This mount command needs to be typed every time you start or reload the page. To do it automatically,

    pig> echo "HOME=/home\nmount http://localhost:50937/ $HOME" >/local/rc.sh

/local/rc.sh is a script stored in the browser's LocalStorage and will be invoked every time http://pigshell.com is (re)loaded.

Currently, pigshell assumes that websocket and proxy services are available at localhost:50937. This will be configurable in future.

Examples

  1. Data movement: Back up all Picasa photos to a local directory

    pig> mkdir /home/taj; cp /picasa/albums/TajMahal/* /home/taj
  2. Data retrieval: Copy a file from the web, continuing from where we left off

    pig> cp -c http://ftp.freebsd.org/pub/FreeBSD/ISO-IMAGES-amd64/10.0/FreeBSD-10.0-RC4-amd64-bootonly.iso /home
  3. Running local commands:

    pig> wsh ps ax

    runs ps on your desktop and dumps the output in pigshell.
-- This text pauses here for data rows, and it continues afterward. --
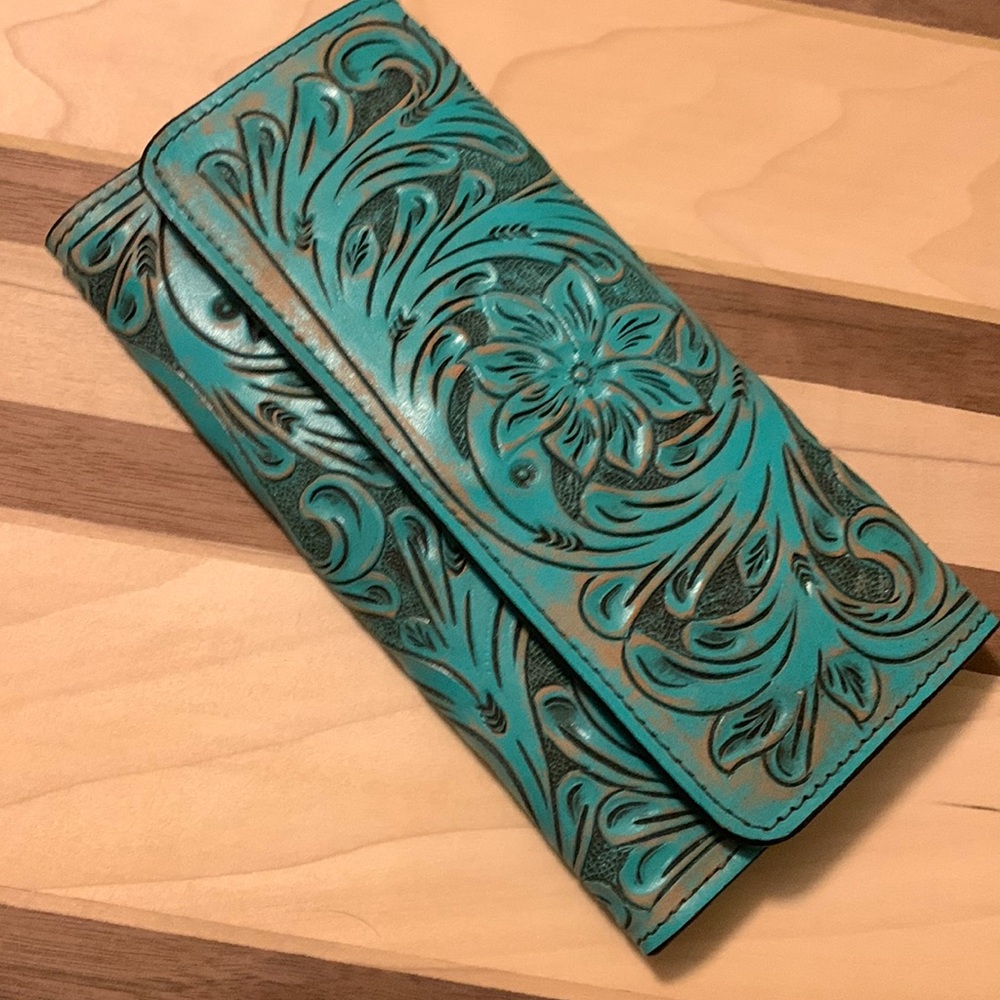 Turquoise hand tooled wallet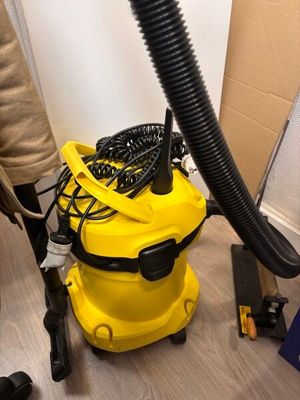 a vacuum that is sitting on the floor next to a chair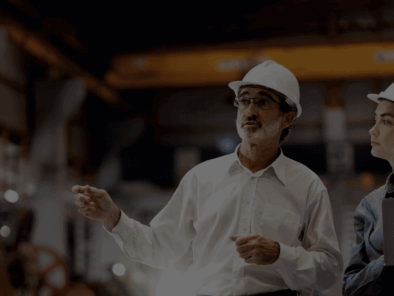 Two people wearing hard hats stand in an industrial setting; one gestures while talking, and the other holds a laptop, listening attentively.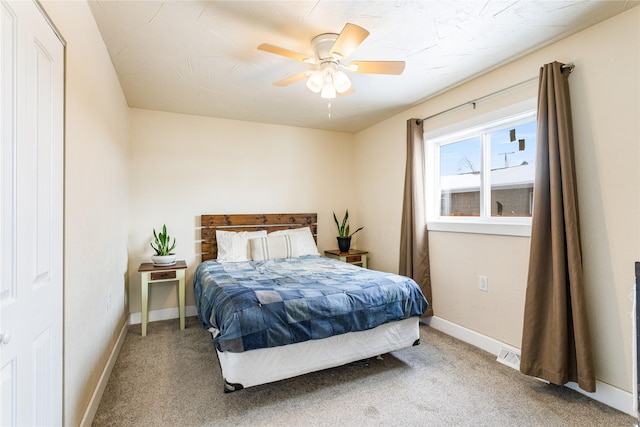 carpeted bedroom featuring visible vents, ceiling fan, and baseboards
  4. Visualization: Local disk usage visualized in an interactive zoomable treemap

    pig> wsh du /Users/foo | to -g text | template -ig /templates/d3-du-treemap

du-treemap

(Note that `du` of a deep tree may take a while, try with a shallow
directory tree first)

Why Psty

Pigshell wants to be a common platform where web and local data can copied, mixed, viewed, analyzed and visualized using the browser's display engine. There are several issues holding it back from this goal:

  1. CORS: For security reasons, Ajax calls from Javascript are restricted by the common origin policy from retrieving data from random websites, since that would enable evil.com's scripts to trawl through LAN websites which were really not meant to be publicly visible.
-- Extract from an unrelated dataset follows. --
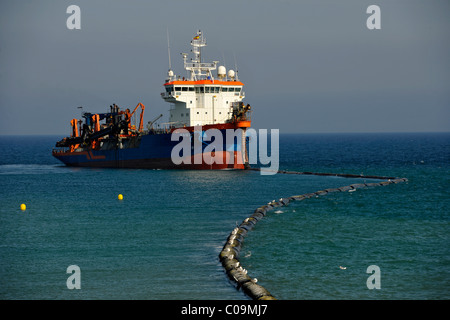 Drague par un flexible de pompage du sable sur une plage pour les plages ou la régénération des plages, Platja de Barceloneta, Barcelone Banque D'Images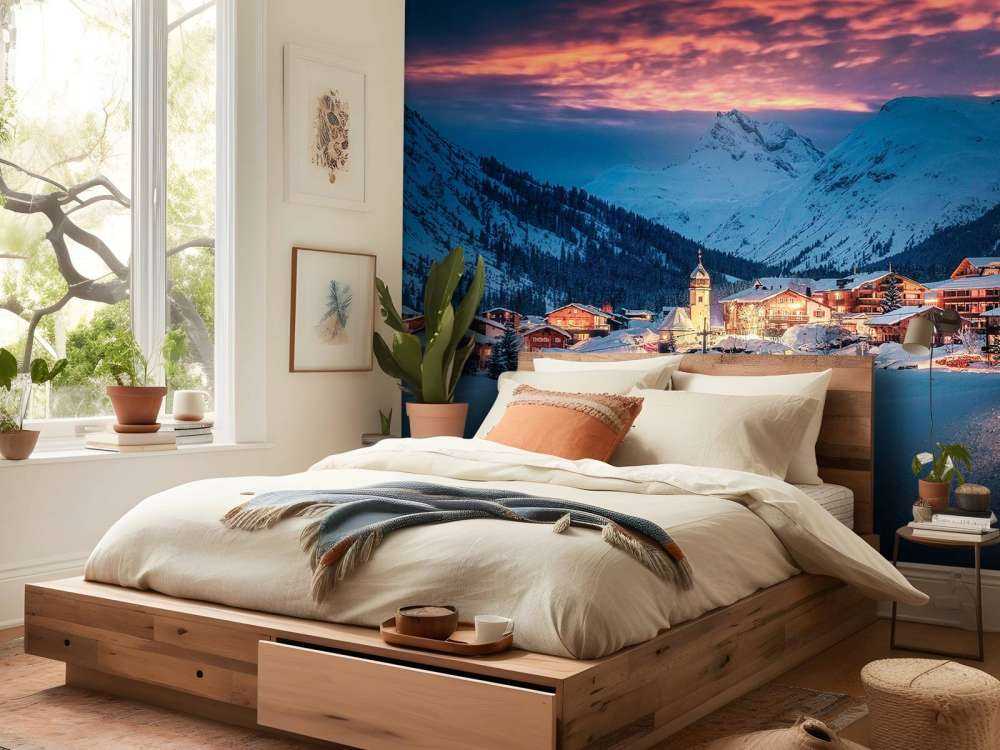 Lumière du soir sur un village de montagne enneigé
    However, this same policy also prevents Javascript from accessing different-origin websites like Wikipedia, which are meant to be publicly visible. The official solution to this is CORS, where public websites add a header to their responses, indicating that cross-origin access is OK.

    Unfortunately, CORS support in the wild is practically non-existent. The Wikipedia article on CORS does not have a CORS header. Even those sites which claim to support CORS often have half-hearted support (GET but not HEAD). Picasa APIs work cross-origin as long as you're doing GETs, but don't work with POSTs, since they don't implement OPTIONS properly.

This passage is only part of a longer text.